Image-text web data:
==*==

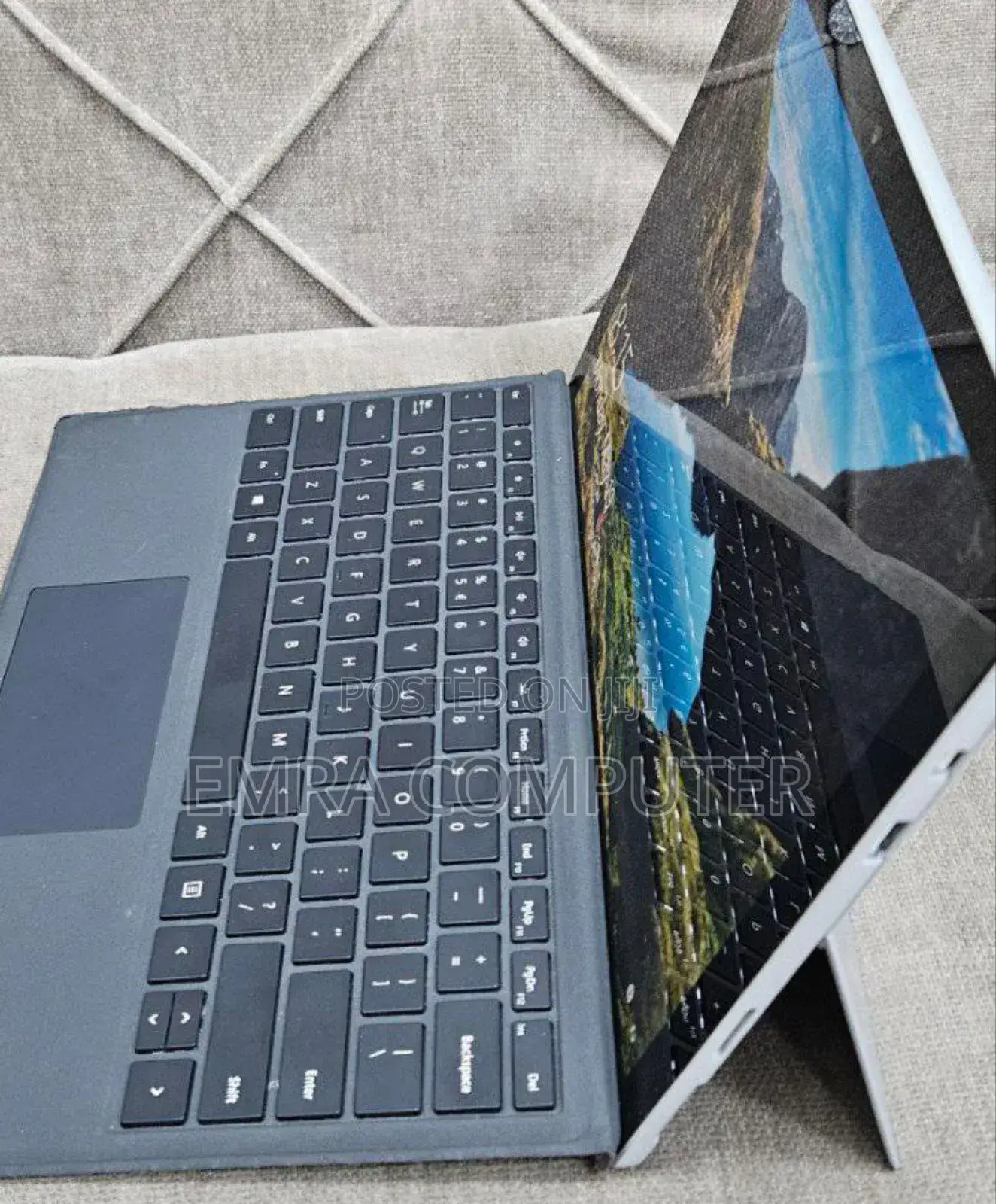 New Laptop Microsoft Surface Pro 6 8GB Intel Core I7 SSD 256GB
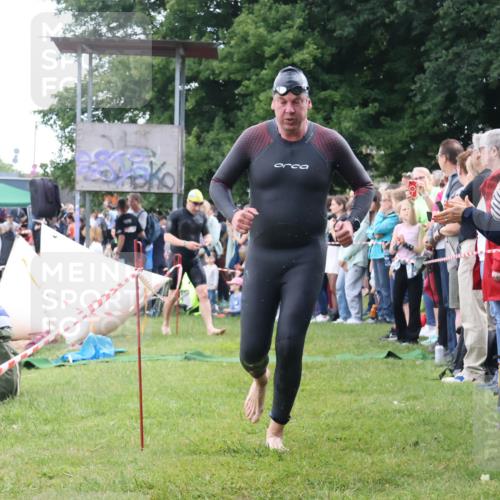 16.06.2024 - 26. Vierlanden-Triathlon Lena Gebhardt http://msf.ph/oto/6301924 16.06.2024 11:07:03 Schwimmen 367, 381, 404, 420, 432, 367, 381, 404, 420, 432 meine-sportfotos.de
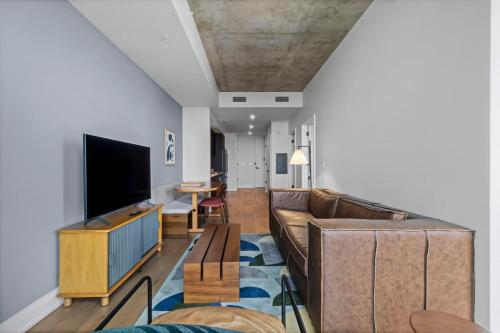 Modern Rainey St Oasis - Pool & Stunning Views in Austin, USA
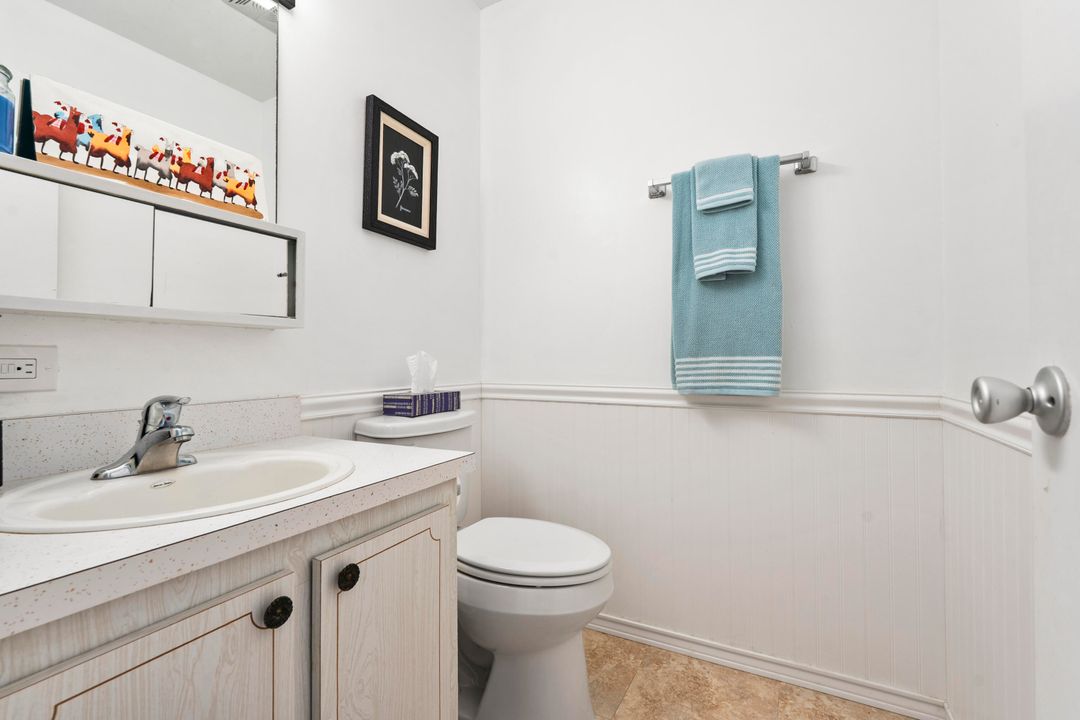 For Sale: $128,900 (1 beds, 1 baths, 814 Square Feet)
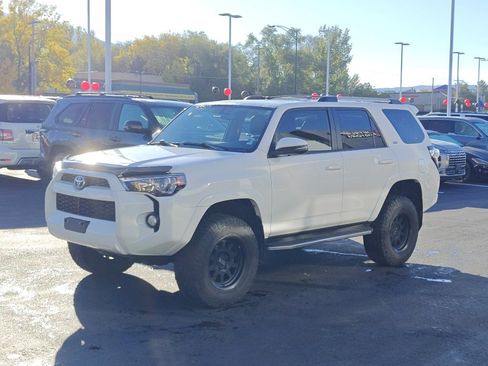 Used 2018 Toyota 4Runner SR5 Premium image 3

==*==

_Task item_:
Give back every entry in full, exactly as written, with no picture included.

_Output of the task_:
 New Laptop Microsoft Surface Pro 6 8GB Intel Core I7 SSD 256GB
 16.06.2024 - 26. Vierlanden-Triathlon Lena Gebhardt http://msf.ph/oto/6301924 16.06.2024 11:07:03 Schwimmen 367, 381, 404, 420, 432, 367, 381, 404, 420, 432 meine-sportfotos.de
 Modern Rainey St Oasis - Pool & Stunning Views in Austin, USA
 For Sale: $128,900 (1 beds, 1 baths, 814 Square Feet)
 Used 2018 Toyota 4Runner SR5 Premium image 3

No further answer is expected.